Today’s GDP estimate is subject to a number of notable influences, including historically severe winter weather, which temporarily lowered growth in the first quarter. The report also shows the positive impact of the implementation of the Affordable Care Act which, together with continued slowing in health costs, helped strengthen the economy in the first quarter. The President will do everything he can either by acting through executive action or by working with Congress to push for steps that would raise growth and accelerate job creation, including fully paid-for investments in infrastructure, education and research, a reinstatement of extended unemployment insurance benefits, and an increase in the minimum wage.

FIVE KEY POINTS IN TODAY’S REPORT FROM THE BUREAU OF ECONOMIC ANALYSIS

1. Real gross domestic product (GDP) rose 0.1 percent at an annual rate in the first quarter of 2014, following the 3.4 percent annual pace in the second half of 2013.

2. The first quarter of 2014 was marked by unusually severe winter weather, including record cold temperatures and snowstorms, which explains part of the difference in GDP growth relative to previous quarters.

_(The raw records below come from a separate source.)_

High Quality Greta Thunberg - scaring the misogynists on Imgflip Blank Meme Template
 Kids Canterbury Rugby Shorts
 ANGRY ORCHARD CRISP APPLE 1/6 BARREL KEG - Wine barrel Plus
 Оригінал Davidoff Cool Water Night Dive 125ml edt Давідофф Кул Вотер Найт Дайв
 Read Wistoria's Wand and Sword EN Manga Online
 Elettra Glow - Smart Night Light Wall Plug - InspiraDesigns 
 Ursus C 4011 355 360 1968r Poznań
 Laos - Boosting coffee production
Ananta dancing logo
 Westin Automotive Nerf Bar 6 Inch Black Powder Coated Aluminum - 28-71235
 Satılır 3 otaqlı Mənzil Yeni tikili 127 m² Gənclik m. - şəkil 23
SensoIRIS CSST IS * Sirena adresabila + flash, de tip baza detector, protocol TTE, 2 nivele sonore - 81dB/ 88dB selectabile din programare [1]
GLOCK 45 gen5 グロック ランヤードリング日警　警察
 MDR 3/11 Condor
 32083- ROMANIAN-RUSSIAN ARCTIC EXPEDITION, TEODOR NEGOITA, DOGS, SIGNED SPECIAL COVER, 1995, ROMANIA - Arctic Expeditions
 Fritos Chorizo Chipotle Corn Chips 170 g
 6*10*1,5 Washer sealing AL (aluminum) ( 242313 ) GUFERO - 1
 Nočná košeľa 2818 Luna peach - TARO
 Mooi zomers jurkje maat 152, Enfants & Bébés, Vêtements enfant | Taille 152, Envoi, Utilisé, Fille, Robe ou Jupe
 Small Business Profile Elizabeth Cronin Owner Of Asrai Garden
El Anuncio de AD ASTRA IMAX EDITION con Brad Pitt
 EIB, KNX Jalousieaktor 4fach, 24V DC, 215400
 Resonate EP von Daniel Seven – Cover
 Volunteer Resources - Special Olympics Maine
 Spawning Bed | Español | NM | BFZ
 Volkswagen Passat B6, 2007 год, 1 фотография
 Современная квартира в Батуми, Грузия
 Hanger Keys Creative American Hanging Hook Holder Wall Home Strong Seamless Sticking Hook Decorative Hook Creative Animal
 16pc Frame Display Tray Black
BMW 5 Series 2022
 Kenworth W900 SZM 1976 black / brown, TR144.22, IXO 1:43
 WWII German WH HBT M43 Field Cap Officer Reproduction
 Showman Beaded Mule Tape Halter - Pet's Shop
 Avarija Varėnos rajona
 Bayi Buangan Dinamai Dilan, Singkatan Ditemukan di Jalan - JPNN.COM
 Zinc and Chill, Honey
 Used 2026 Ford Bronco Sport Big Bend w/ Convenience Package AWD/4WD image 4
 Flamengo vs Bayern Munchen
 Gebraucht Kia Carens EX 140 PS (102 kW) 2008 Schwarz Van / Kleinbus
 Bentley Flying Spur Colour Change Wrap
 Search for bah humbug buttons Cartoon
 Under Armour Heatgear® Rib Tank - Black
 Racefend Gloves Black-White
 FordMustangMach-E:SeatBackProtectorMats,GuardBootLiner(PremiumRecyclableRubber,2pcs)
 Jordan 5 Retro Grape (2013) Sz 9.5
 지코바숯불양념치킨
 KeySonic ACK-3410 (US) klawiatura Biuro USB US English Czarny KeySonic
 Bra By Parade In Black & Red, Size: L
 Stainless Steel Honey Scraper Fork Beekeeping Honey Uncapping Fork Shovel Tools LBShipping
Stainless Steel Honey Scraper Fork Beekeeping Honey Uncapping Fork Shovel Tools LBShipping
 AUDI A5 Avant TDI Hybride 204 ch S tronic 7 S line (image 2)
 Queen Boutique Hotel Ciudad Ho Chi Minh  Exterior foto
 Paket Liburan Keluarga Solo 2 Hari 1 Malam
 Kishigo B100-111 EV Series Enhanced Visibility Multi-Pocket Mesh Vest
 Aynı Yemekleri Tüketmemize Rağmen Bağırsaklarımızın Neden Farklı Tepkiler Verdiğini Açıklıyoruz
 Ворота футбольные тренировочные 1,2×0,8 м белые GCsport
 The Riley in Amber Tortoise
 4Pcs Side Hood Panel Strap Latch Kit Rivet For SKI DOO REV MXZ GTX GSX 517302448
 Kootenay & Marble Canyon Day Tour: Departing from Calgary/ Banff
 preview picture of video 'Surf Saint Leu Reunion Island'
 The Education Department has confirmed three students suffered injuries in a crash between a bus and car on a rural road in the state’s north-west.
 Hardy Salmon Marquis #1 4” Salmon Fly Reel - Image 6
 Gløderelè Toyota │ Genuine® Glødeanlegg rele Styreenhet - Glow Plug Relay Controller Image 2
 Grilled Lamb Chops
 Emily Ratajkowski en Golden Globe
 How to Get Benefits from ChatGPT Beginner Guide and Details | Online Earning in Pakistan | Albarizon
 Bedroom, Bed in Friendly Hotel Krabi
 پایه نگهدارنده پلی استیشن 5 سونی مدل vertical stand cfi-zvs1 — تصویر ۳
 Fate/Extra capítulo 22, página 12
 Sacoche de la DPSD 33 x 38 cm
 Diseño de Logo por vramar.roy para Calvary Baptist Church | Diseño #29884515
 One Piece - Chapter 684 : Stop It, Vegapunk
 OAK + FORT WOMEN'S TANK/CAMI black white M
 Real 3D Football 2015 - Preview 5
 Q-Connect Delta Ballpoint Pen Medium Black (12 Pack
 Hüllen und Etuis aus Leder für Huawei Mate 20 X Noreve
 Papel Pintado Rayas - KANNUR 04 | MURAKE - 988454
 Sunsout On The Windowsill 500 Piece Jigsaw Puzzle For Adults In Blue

3. Within the first quarter, several key indicators were lower in January and/or February before rebounding strongly in March, suggesting that the severe weather had a disruptive effect that only began to abate at the end of the quarter.

4. The federal sector made a small positive contribution to growth for the first time in over a year, in part because the effect of the shutdown in the fourth quarter reversed.

5. Health care prices continued to increase exceptionally slowly, growing at an annual rate of just 0.5 percent (0.9 percent on a year-over-year basis), while utilization (real health care spending) rose at a 9.9 percent annual rate in the first quarter.